Here is the question:
A sample of ethanol, C2H5OH, weighing 2.84g was burned in an excess of oxygen in a bomb calorimeter. THe temperature of the calorimeter rose from 24C to 33.73C. If the heat capacity of the calorimeter and contents was 9.63 kj/C. What is the calue of q for burnign 1 mol of ethanol at constant volume and 25.00C?
C2H5OH(l)+3O2(g)-->2CO2(g)+3H2O(l)
Here is my Homework:
q=ms(T final - T initial)
q=2.84x9.63kj/C x (33.73C-25C)= 238.76
But 238.76 is not the correct answer, the book states that it is -00136kJ
Can anyone tell me what I am doing incorrect?

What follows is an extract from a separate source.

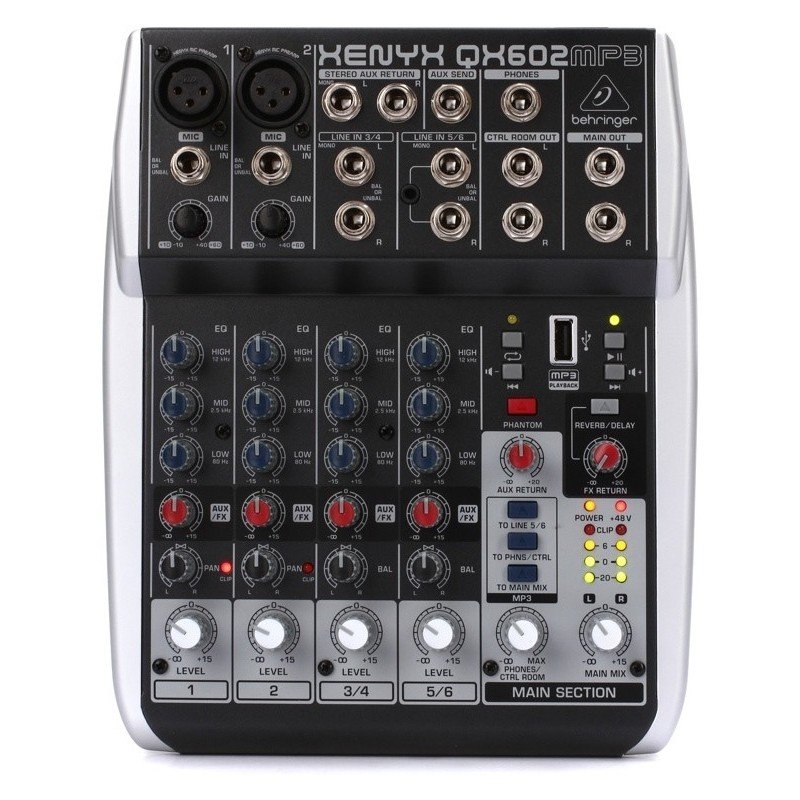 Behringer QX602MP3 Mikser audio 79660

You figured the q for 2.84g. Now figure it for a mole of ethanol.
Use a proportion.
2.48/46.068g/mol ethanol=.06165
.06165x9.63kj/C x (33.73C-25C)= 5.183 ??
still not the -00136kJ I am looking for??
To solve this problem, you need to consider the stoichiometry of the reaction and apply the concept of molar heat of combustion or molar enthalpy of combustion.
First, let's calculate the moles of ethanol burned:
Given:
Mass of ethanol = 2.84 g
Molar mass of ethanol = 46.07 g/mol
Moles of ethanol = Mass of ethanol / Molar mass of ethanol
= 2.84 g / 46.07 g/mol ≈ 0.0617 mol
Now, we need to calculate the heat produced per mole of ethanol burned.
In the balanced equation, 1 mole of ethanol is burned, and it produces q amount of heat. This means that the heat produced per mole of ethanol burned is the same as q. Therefore:
Heat per mole of ethanol burned, q = 238.76 kJ / 0.0617 mol ≈ 3873 kJ/mol
Please note that in your earlier calculation for q, you have correctly multiplied the mass, heat capacity, and temperature difference. However, the result you obtained is not the value for q per mole, but rather the total heat generated for the given mass of ethanol.
The expected result of -0.136 kJ is most likely due to a sign error. The negative sign indicates that the reaction is exothermic, meaning it releases heat. In this case, it suggests that your answer should be negative.
So, the correct calculation should yield q = -3873 kJ/mol, where the negative sign indicates the exothermic nature of the reaction.
Remember to always double-check the signs when performing calculations involving heat changes.